Crescent Coconut Almond Twist
3/4 cup sliced almonds, toasted
2 tablespoons brown sugar
1 tablespoon butter, softened
3/4 cup coconut
1 tablespoon flour
1 teaspoon almond extract
1 egg, separated
8 ounces refrigerated crescent roll dough
2 teaspoons water
1/3 cup + 1 tbl. powdered sugar
2 teaspoons milk
1/2 teaspoon almond extract
Heat oven to 350ºF. Grease cookie sheet. Reserve 1 tbl. almonds for
garnish. Place remaining almonds in ziplock bag and crush with
rolling pin. In medium bowl, combine brown sugar and butter, mixing
well. Stir in coconut, flour, 1 tsp extract, egg white and crushed
almonds; mix well.
Unroll dough into 2 long rectangles. Firmly press perforations to
seal. Press each to form 12x4 inch rectangle. Spread half of almond
mixture in 2 inch wide strip lengthwise down center of each
rectangle to within 1/4 inch of each end. Fold sides over filling;
pinch edges to seal. With rolls side by side and starting at one
end, carefully overlap rolls 2 times to form 1 twist; press ends to
seal. Place twist on greased cookie sheet.

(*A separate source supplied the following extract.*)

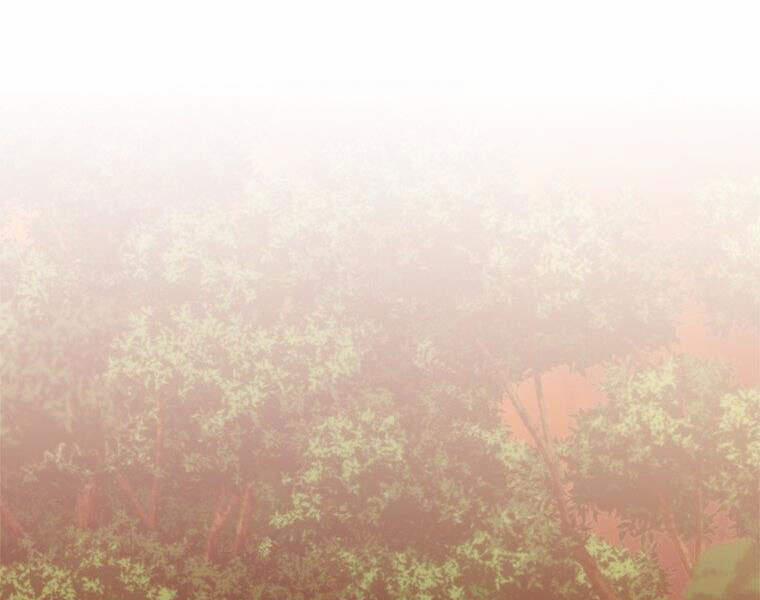 Thăng Cấp Trở Lại 99 trang 66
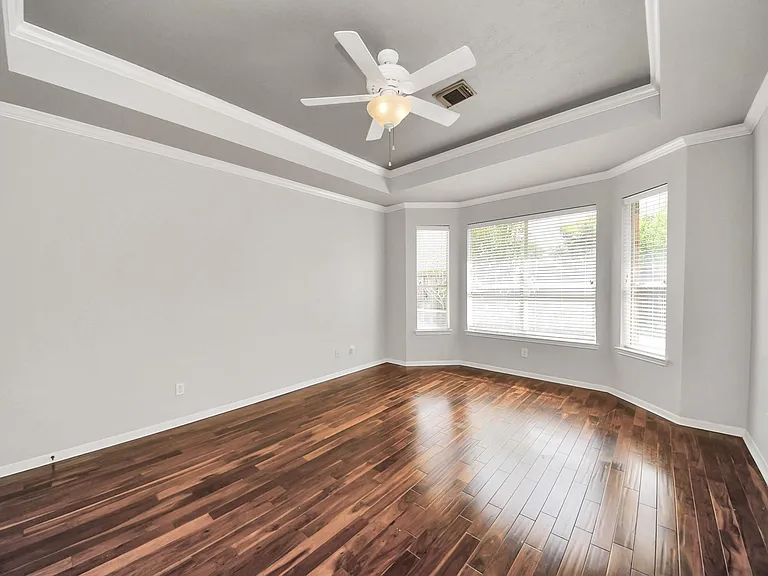 1611 Barton Creek Trl — Photo 23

In small bowl, combine egg yolk with water, beating well. Brush over
twist. Bake at 350ºF for 19-25 minutes or until golden brown. Cool
10 minutes. Remove from cookie sheet and place on wire rack to cool.
In small bowl, combine powdered sugar, milk and 1/2 tsp extract,
blending until smooth. Drizzle over twist and garnish with reserved
almonds. To toast almonds, spread on cookie sheet; bake at 350ºF for
4-7 minutes or until light golden brown, stirring occasionally.